• _WHAT IS REQUIRED_: Exact copy, no pictures: reproduce the lines from the one that holds "Once you are" through the end of the entries.
SOURCE RECORDS below:
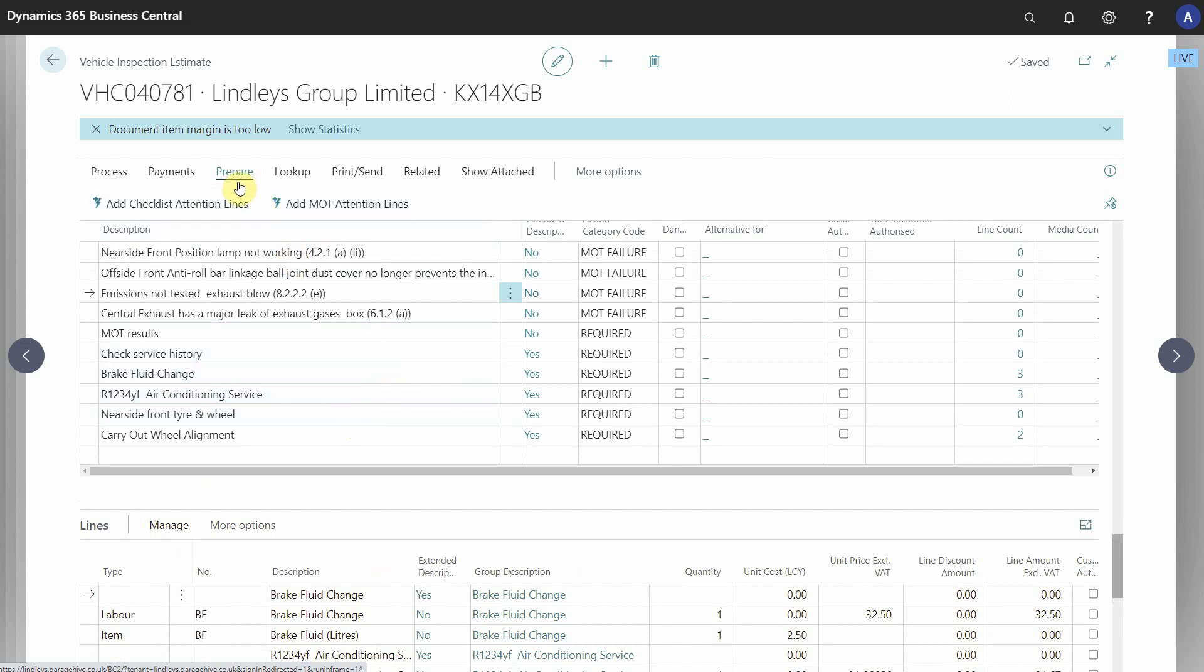Just to remind you, it's available on vehicle inspection estimates and it appears under the Prepare action in the header of the document. It's called Add MOT Attention Lines.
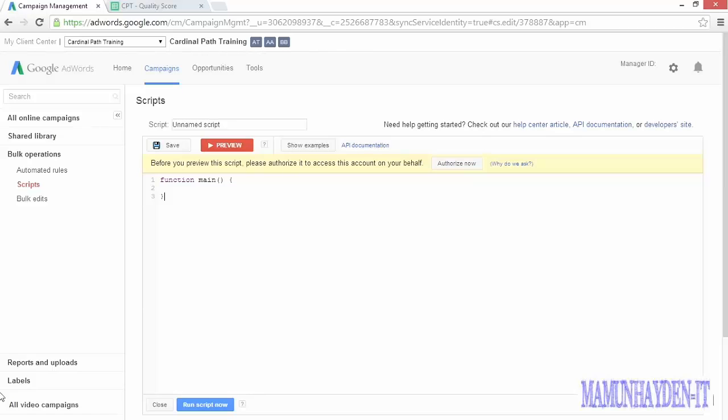Third, you can use scripts to alert you to problems that require your immediate attention. Things like when ads stop running or when your cost per acquisition gets too high. Or you could write a script to send you an email when a particular ad group's conversion rate drops for three days in a row. You can even write anomaly detection scripts that can alert you to abnormal behavior so you can go check things out.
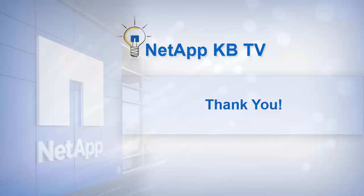We hope you find this video helpful. Please subscribe to NetApp KB TV for more knowledge base videos. Thank you for watching.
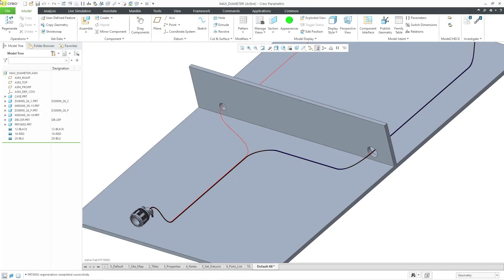Creo Parametric 8.0 added the ability to create a branch tape cosmetic feature in cabling mode. Let's take a look at how to do that.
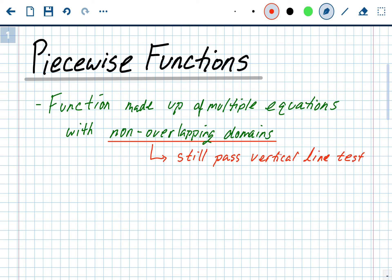Remember, we're only dealing with functions in algebra. If it still passes the vertical line test, it's still a function. Otherwise it wouldn't be a piecewise function.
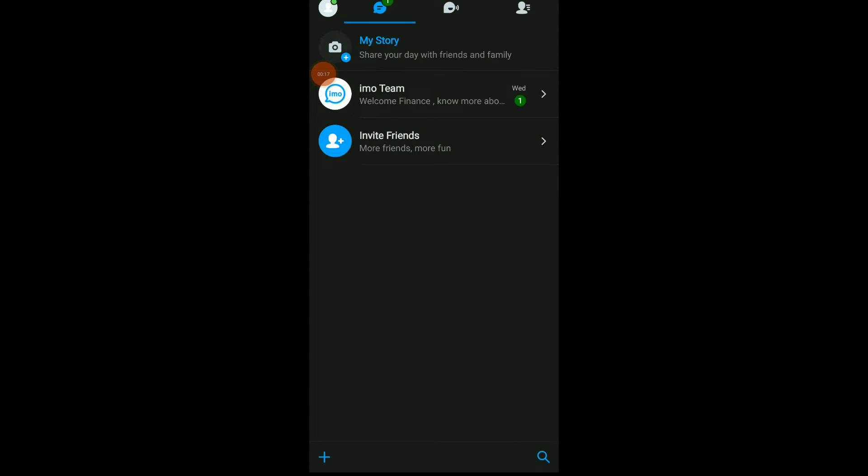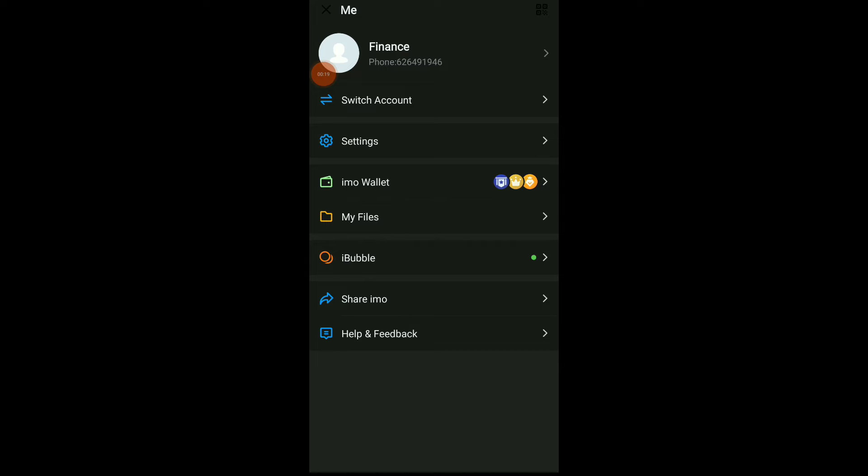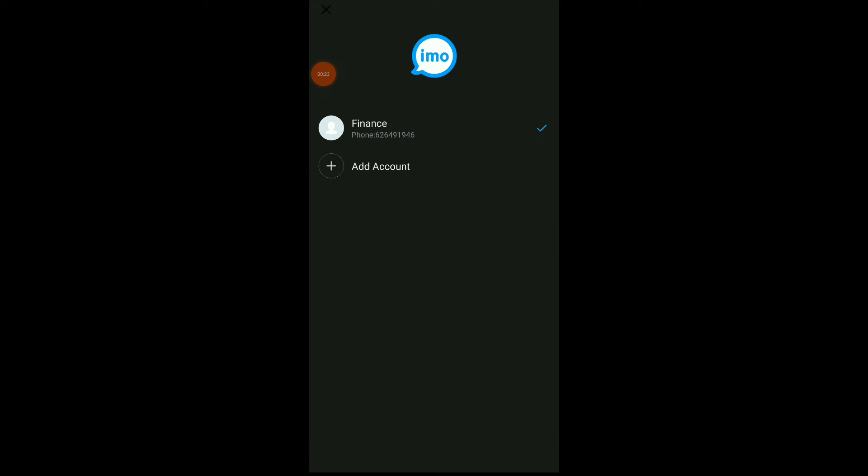Once you are here, click on your profile icon and you're gonna find Switch Account. Click on it.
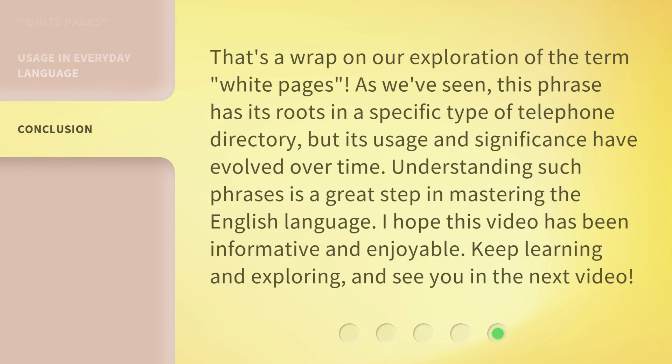That's a wrap on our exploration of the term White Pages. As we've seen, this phrase has its roots in a specific type of telephone directory, but its usage and significance have evolved over time. Understanding such phrases is a great step in mastering the English language. I hope this video has been informative and enjoyable. Keep learning and exploring, and see you in the next video.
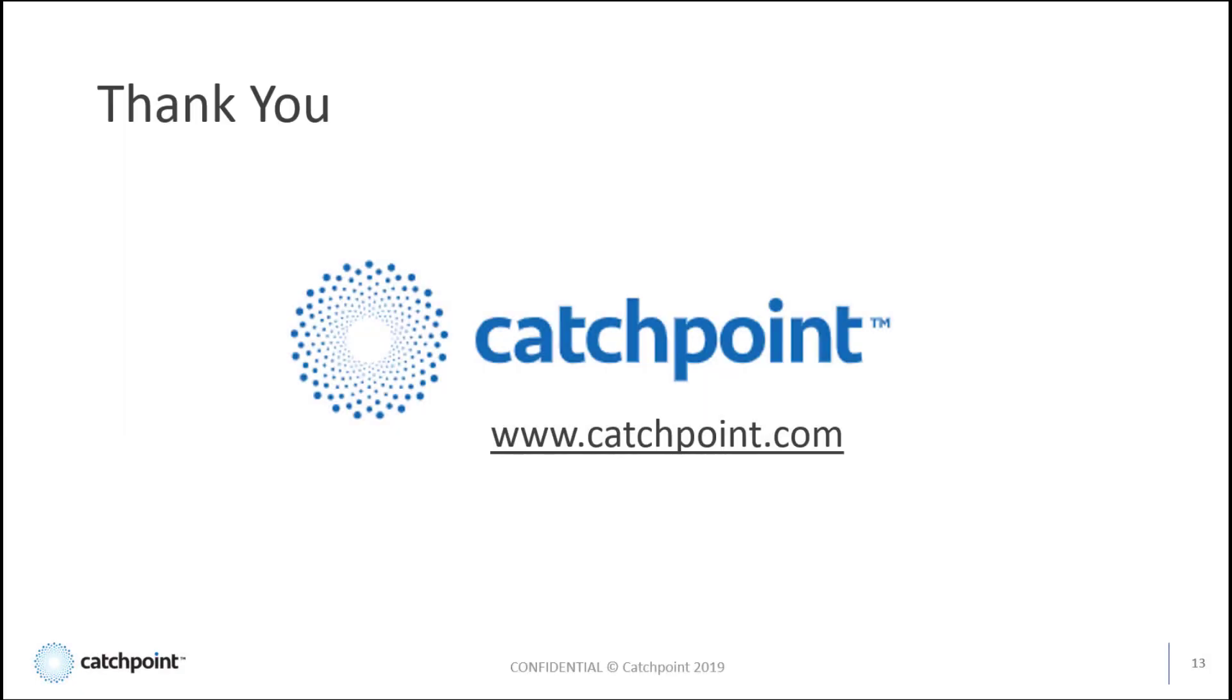Thanks for watching. For more information on Catchpoint solutions, please visit the link provided.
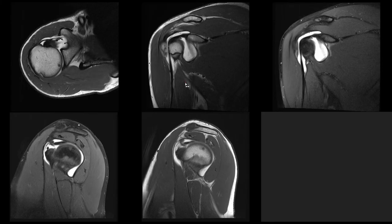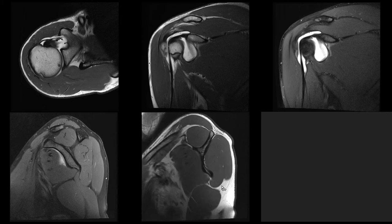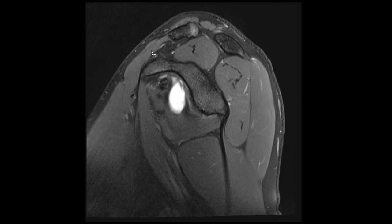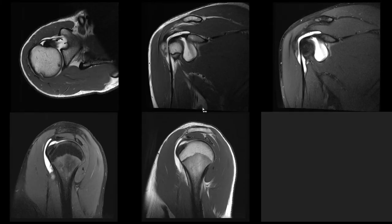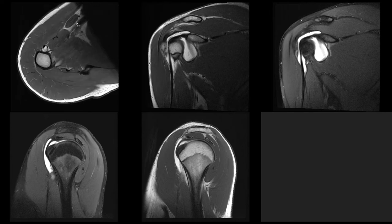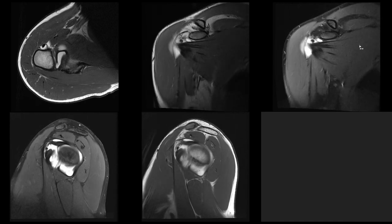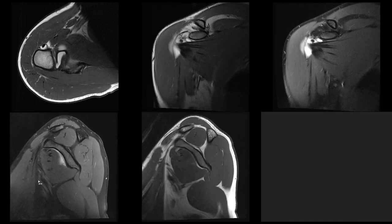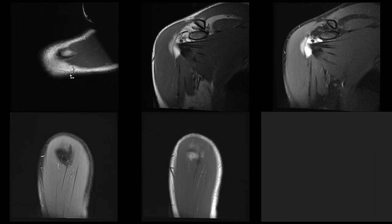The next thing you want to look at are the periarticular soft tissues and the musculature. It's easy to start off with the rotator cuff muscles — you can see they are all nice, no fatty streaks, no atrophy, and on your fluid sensitive sequences there is no edema. Next, make sure that there are no enlarged lymph nodes. Depending on your protocol, sometimes you can really see the axillary structures and lymph nodes, so make sure you don't miss anything there. And while you are at it, also have a look at the lung — you don't want to miss lung cancer or any other abnormalities.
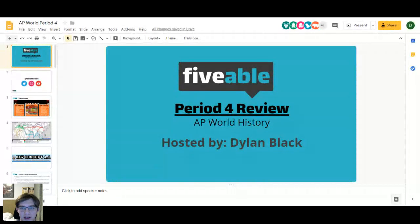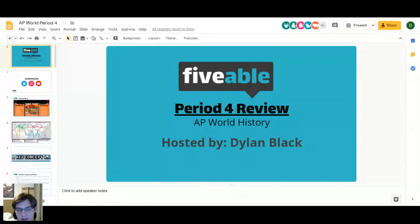First, I just want to see on a scale of one to five how you guys feel about Period Four content in general. Okay, so we're kind of all over the place — a lot of ones, zeros, and threes. That's what we're here for. Also, under the livestream there's a button for slides and resources where you can follow along. Let's jump right into it.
End of SOURCE RECORDS.
• _FINAL ANSWER_:
Once you are here, click on your profile icon and you're gonna find Switch Account. Click on it.
That's a wrap on our exploration of the term White Pages. As we've seen, this phrase has its roots in a specific type of telephone directory, but its usage and significance have evolved over time. Understanding such phrases is a great step in mastering the English language. I hope this video has been informative and enjoyable. Keep learning and exploring, and see you in the next video.
Thanks for watching. For more information on Catchpoint solutions, please visit the link provided.
The next thing you want to look at are the periarticular soft tissues and the musculature. It's easy to start off with the rotator cuff muscles — you can see they are all nice, no fatty streaks, no atrophy, and on your fluid sensitive sequences there is no edema. Next, make sure that there are no enlarged lymph nodes. Depending on your protocol, sometimes you can really see the axillary structures and lymph nodes, so make sure you don't miss anything there. And while you are at it, also have a look at the lung — you don't want to miss lung cancer or any other abnormalities.
First, I just want to see on a scale of one to five how you guys feel about Period Four content in general. Okay, so we're kind of all over the place — a lot of ones, zeros, and threes. That's what we're here for. Also, under the livestream there's a button for slides and resources where you can follow along. Let's jump right into it.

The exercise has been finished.